__Problem description__
Leaving out the pictures, retype exactly the lines from the one holding "HK416+ Rifle Silhouette" through the end of the material.

__Source data__
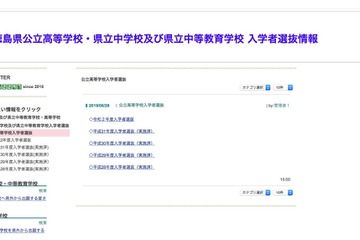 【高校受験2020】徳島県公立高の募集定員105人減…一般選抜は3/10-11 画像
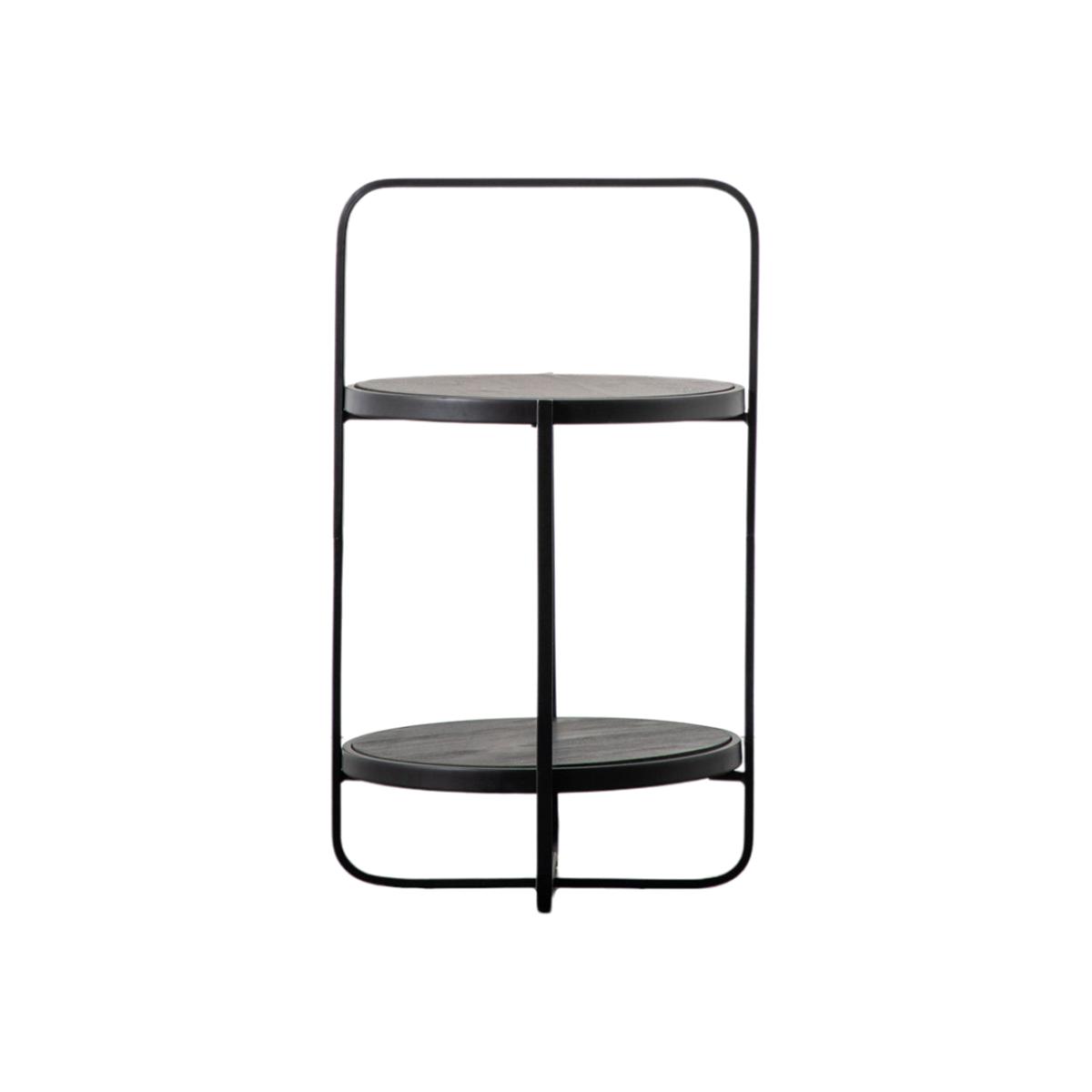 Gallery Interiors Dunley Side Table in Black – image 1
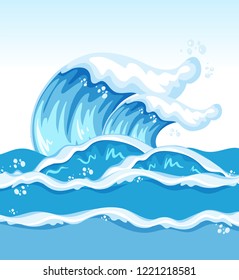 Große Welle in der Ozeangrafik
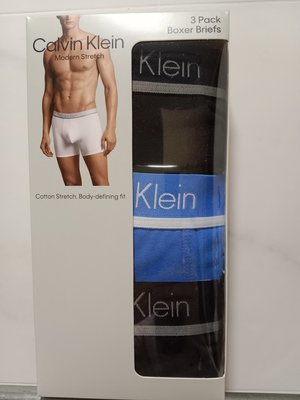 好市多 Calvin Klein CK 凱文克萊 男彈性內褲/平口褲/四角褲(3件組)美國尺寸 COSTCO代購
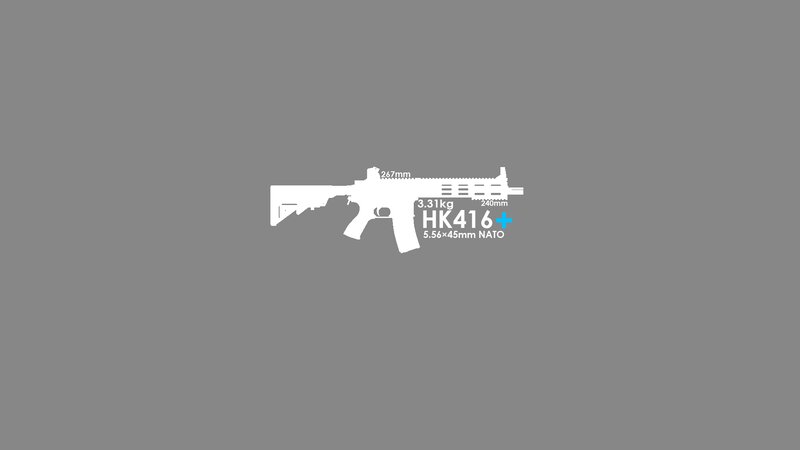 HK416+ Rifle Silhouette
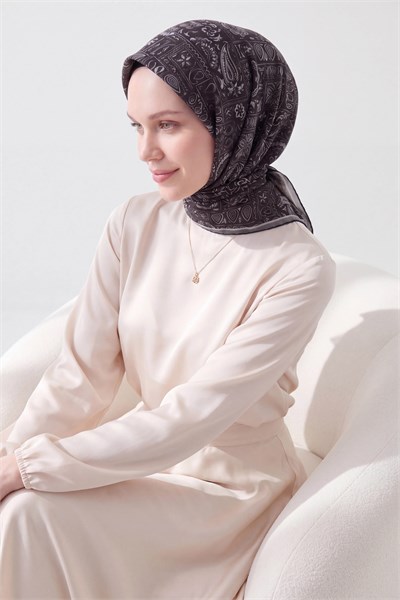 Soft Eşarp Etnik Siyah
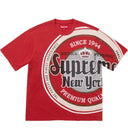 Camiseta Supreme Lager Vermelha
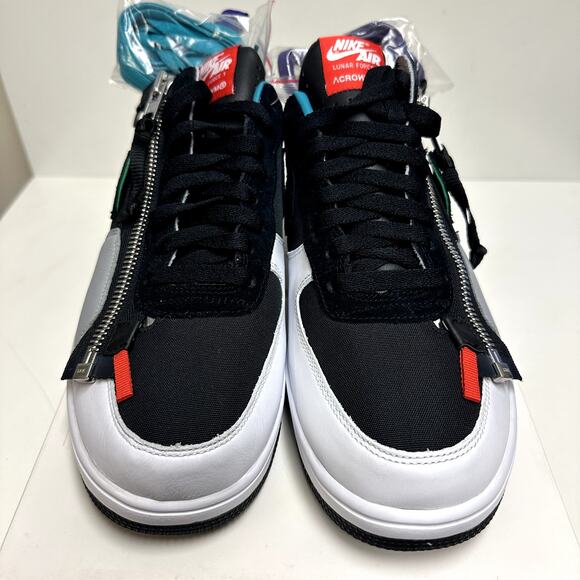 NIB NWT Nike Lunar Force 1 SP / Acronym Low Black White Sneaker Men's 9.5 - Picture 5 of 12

__Exercise solution__
 HK416+ Rifle Silhouette
 Soft Eşarp Etnik Siyah
 Camiseta Supreme Lager Vermelha
 NIB NWT Nike Lunar Force 1 SP / Acronym Low Black White Sneaker Men's 9.5 - Picture 5 of 12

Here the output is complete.